As I’m writing this post, I’ve helped myself to a delicious, crisp glass of the white I brought back from Douro Valley, and I’m thinking, ‘Portuguese wine really is underrated’.
Just like the wine it produces, Portugal as a wine destination can be unfairly overlooked. If I mention enotourism, you probably first reach for the dictionary (well, I had to), and then your mind likely drifts to France, Italy or Spain. Or perhaps further afield to the new world. I’d hazard a guess that Portugal doesn’t get a look in.
Well, if that is the case, things needs to change. Now.
While I’ve known for some time that Portuguese wine punches above its weight, I only recently discovered the grandiose beauty of its flagship wine region, the Douro Valley.
The thing that makes the Douro Valley so spectacular is all in its name.

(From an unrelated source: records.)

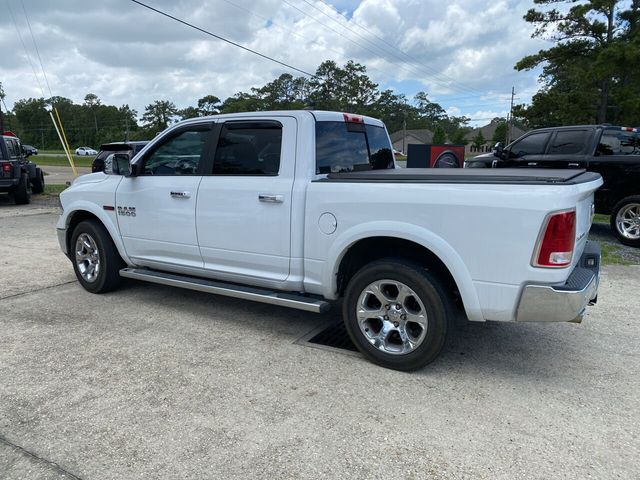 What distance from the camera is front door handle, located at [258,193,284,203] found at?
3.85m

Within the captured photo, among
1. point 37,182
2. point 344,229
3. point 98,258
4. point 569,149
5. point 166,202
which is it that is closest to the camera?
point 344,229

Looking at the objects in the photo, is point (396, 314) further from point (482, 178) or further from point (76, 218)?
point (76, 218)

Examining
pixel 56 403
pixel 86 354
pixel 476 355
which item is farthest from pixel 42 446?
pixel 476 355

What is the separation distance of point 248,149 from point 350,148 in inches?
36.1

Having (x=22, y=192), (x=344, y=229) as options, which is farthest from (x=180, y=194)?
(x=22, y=192)

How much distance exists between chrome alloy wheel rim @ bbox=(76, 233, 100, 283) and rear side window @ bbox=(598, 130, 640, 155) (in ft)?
26.5

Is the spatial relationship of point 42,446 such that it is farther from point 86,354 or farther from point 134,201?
point 134,201

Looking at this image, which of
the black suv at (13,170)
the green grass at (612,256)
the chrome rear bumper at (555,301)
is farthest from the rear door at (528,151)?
the black suv at (13,170)

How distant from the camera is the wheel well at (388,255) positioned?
3.51m

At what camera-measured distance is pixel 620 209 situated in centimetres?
804

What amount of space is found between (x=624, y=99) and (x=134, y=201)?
22485 mm

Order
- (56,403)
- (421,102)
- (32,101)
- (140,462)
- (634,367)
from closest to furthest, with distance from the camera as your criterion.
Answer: (140,462) < (56,403) < (634,367) < (32,101) < (421,102)

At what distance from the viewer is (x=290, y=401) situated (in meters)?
3.13

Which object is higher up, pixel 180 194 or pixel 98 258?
pixel 180 194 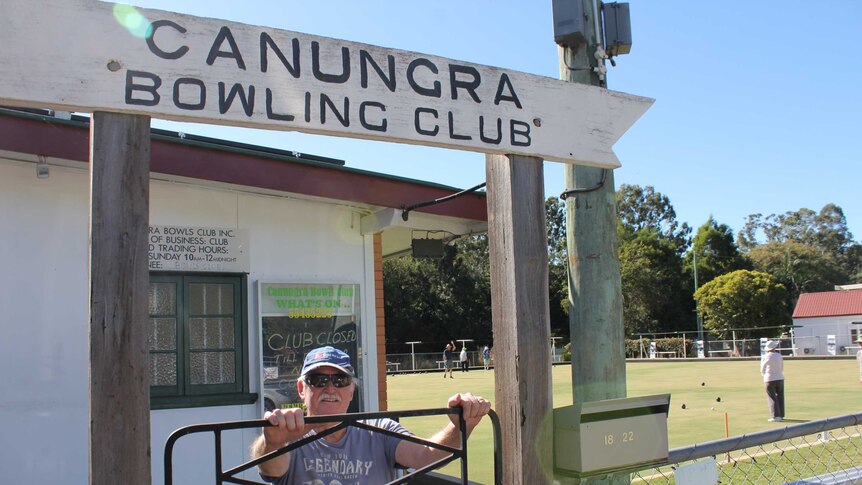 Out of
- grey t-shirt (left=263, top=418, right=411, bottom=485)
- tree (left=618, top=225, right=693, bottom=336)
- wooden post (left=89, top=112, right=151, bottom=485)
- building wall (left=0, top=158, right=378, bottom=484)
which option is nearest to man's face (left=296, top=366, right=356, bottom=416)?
grey t-shirt (left=263, top=418, right=411, bottom=485)

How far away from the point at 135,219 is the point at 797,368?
29.9 metres

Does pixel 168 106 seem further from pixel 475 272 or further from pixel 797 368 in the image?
pixel 475 272

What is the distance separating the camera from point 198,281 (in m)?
7.36

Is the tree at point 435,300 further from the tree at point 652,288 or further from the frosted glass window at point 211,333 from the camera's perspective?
the frosted glass window at point 211,333

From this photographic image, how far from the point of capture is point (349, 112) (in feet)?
9.62

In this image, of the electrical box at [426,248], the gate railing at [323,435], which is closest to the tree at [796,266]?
the electrical box at [426,248]

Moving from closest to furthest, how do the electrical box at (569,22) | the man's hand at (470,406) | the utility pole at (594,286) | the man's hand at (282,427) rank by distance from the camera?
1. the man's hand at (282,427)
2. the man's hand at (470,406)
3. the utility pole at (594,286)
4. the electrical box at (569,22)

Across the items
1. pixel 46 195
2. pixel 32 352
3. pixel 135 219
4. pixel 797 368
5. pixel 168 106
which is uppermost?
pixel 46 195

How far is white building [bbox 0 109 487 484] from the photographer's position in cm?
643

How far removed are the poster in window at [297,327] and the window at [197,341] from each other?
226 millimetres

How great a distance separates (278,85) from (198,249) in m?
4.80

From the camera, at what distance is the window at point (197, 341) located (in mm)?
7051

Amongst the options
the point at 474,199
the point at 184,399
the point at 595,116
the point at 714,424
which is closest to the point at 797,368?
the point at 714,424

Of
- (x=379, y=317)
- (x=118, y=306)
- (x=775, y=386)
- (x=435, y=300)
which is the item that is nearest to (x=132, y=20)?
(x=118, y=306) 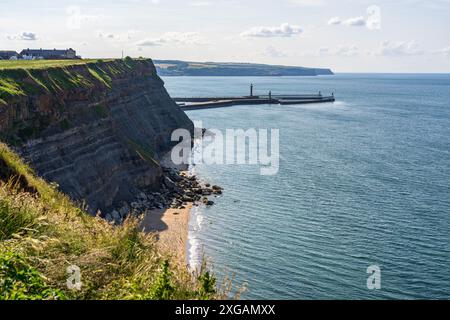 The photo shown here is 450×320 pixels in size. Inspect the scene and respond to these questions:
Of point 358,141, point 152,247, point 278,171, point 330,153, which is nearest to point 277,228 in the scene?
point 278,171

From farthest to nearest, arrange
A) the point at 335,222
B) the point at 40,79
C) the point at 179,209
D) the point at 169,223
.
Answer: the point at 179,209 → the point at 169,223 → the point at 335,222 → the point at 40,79

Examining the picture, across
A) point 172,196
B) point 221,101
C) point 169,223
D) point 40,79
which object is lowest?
point 169,223

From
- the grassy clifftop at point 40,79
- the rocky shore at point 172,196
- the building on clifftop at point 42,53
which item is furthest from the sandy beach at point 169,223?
the building on clifftop at point 42,53

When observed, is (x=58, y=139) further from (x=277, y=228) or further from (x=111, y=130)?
(x=277, y=228)

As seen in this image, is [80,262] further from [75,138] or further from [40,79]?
[40,79]

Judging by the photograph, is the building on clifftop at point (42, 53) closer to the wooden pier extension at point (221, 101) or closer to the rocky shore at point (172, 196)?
the wooden pier extension at point (221, 101)

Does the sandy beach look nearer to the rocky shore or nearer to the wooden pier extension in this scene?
the rocky shore

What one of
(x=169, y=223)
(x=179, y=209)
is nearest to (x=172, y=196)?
(x=179, y=209)

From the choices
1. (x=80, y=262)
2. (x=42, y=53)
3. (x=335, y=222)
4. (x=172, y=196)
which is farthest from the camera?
(x=42, y=53) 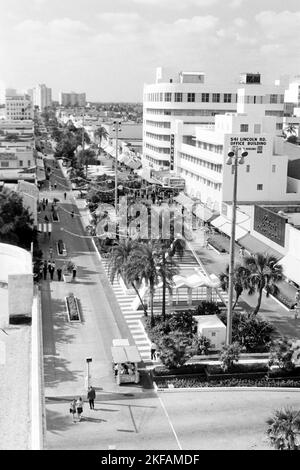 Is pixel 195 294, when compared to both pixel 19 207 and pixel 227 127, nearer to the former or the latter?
pixel 19 207

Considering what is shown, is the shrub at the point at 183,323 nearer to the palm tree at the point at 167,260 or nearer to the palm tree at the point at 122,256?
the palm tree at the point at 167,260

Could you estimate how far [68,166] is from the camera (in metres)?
99.1

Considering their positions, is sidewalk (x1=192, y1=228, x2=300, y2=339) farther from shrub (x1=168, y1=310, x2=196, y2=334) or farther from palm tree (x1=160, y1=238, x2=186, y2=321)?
palm tree (x1=160, y1=238, x2=186, y2=321)

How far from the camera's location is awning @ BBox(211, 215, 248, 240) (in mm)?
46250

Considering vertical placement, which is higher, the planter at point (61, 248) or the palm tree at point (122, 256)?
the palm tree at point (122, 256)

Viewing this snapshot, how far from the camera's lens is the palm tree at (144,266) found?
99.7 feet

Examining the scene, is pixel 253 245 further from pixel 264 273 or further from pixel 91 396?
pixel 91 396

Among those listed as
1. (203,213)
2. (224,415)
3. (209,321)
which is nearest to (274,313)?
(209,321)

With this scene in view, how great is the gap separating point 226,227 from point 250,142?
9001 millimetres

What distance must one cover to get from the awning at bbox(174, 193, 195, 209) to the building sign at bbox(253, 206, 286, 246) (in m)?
15.7

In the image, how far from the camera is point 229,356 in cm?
2575

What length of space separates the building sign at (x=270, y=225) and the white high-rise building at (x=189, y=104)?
3360 centimetres

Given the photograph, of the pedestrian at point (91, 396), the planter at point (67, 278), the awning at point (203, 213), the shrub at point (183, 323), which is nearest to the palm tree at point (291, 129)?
the awning at point (203, 213) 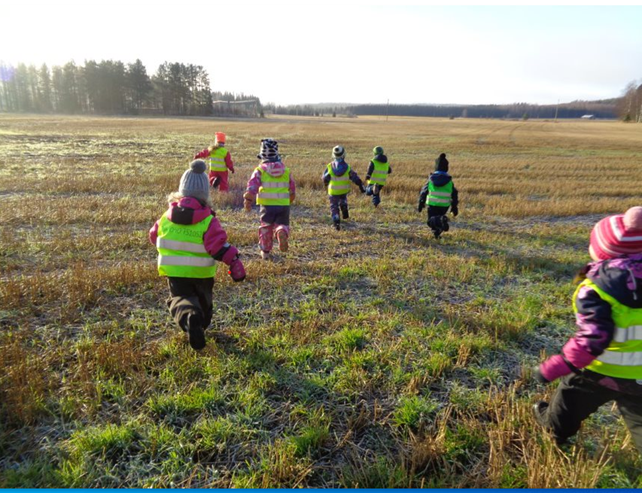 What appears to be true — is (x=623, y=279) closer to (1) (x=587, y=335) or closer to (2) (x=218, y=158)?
(1) (x=587, y=335)

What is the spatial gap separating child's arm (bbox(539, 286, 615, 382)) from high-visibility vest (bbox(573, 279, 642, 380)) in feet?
0.17

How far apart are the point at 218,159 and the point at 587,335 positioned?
1168cm

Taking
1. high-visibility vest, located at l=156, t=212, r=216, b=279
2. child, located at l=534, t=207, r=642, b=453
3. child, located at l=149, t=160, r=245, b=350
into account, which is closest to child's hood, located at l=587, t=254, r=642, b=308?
child, located at l=534, t=207, r=642, b=453

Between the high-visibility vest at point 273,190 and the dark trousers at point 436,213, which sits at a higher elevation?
the high-visibility vest at point 273,190

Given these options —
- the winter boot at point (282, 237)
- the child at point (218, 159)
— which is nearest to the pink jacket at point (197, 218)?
the winter boot at point (282, 237)

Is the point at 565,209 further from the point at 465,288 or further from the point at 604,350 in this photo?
the point at 604,350

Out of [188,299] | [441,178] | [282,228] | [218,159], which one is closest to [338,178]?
[441,178]

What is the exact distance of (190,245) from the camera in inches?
150

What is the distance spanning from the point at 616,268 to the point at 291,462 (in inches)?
104

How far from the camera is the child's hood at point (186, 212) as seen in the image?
3760mm

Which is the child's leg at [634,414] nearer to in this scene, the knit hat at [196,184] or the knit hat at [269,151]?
the knit hat at [196,184]

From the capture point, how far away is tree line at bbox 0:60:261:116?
80.1 metres

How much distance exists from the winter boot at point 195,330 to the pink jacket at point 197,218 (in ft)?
2.15

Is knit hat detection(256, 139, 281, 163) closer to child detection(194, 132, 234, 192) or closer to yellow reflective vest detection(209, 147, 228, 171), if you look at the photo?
child detection(194, 132, 234, 192) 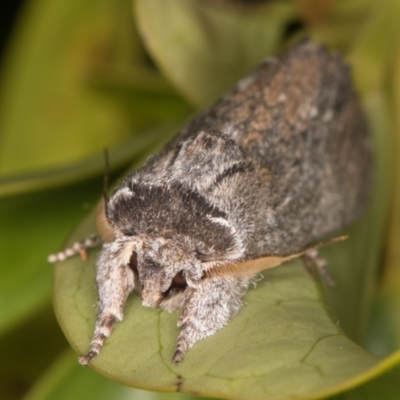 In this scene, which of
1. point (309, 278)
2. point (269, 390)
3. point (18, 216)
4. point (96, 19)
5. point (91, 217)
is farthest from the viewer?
point (96, 19)

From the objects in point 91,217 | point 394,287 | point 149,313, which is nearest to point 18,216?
point 91,217

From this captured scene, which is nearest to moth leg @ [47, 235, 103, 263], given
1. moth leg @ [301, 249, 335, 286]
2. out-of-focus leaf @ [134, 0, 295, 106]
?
moth leg @ [301, 249, 335, 286]

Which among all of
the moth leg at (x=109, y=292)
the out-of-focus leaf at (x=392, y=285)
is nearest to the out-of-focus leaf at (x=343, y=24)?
the out-of-focus leaf at (x=392, y=285)

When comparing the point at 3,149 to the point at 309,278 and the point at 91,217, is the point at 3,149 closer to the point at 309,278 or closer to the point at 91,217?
the point at 91,217

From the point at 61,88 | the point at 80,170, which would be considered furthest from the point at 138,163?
the point at 61,88

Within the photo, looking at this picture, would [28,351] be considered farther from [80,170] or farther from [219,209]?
[219,209]

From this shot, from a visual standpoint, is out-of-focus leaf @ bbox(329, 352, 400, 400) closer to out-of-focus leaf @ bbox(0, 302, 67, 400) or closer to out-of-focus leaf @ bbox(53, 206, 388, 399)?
out-of-focus leaf @ bbox(53, 206, 388, 399) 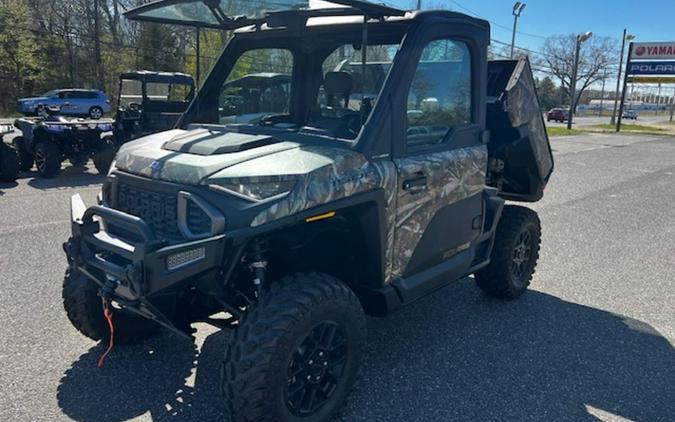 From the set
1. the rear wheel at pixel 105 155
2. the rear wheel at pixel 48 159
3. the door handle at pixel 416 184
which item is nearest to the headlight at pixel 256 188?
the door handle at pixel 416 184

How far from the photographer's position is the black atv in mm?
11223

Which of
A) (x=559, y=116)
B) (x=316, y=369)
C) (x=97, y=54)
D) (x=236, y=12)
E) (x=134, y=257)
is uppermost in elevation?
(x=97, y=54)

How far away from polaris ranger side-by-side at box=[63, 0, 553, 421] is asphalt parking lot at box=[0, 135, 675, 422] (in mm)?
378

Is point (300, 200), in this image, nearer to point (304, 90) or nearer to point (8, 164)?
point (304, 90)

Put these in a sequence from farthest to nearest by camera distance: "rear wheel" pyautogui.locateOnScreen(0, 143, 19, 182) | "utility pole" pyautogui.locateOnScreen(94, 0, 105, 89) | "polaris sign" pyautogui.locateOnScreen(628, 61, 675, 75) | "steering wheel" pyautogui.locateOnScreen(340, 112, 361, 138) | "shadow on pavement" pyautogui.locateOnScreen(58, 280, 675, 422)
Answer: "polaris sign" pyautogui.locateOnScreen(628, 61, 675, 75)
"utility pole" pyautogui.locateOnScreen(94, 0, 105, 89)
"rear wheel" pyautogui.locateOnScreen(0, 143, 19, 182)
"steering wheel" pyautogui.locateOnScreen(340, 112, 361, 138)
"shadow on pavement" pyautogui.locateOnScreen(58, 280, 675, 422)

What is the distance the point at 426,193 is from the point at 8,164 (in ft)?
31.8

Its majestic mountain ranges give way to a dramatic valley, with the peaceful Douro River cutting through its core. Those mountains are saturated with gravity-defying vines, artfully rooted into stone-walled terraces that have been carved into the steep inclines over the centuries. The sheer gradients make the thought alone of harvesting a rather stomach-churning affair. But on the plus side, it’s practically impossible to take a bad photo there.
Our visit was far too short – barely a weekend – but the patchwork landscape of the UNESCO World Heritage Site made a lasting impression. Here are three things that I promise will make a short trip to the Douro Valley stand out:
1. Get your bearings by boat
The perfect way to kick-start a visit to the Douro Valley is to take it all in from the river itself.
As you make your way down the silent river, the scale of the Valley really sinks in. Gliding past mountain after mountain, you have the perfect vantage point to truly appreciate the workmanship that’s gone into moulding the terrain, enabling the vines to extend from mountain top to river’s edge.
There are loads of tours available, starting from as far away as Porto. We chose to depart from the picturesque, but rather sleepy, village of Pinhão. What you do on your tour really depends on your budget. We thought we struck gold with an operator called Pipaduoro. While their private day tour with winery lunch was (well) out of our budget, they also offer a ‘regular departure’ option – a two hour round-trip with a glass of wine or port (€35 per person).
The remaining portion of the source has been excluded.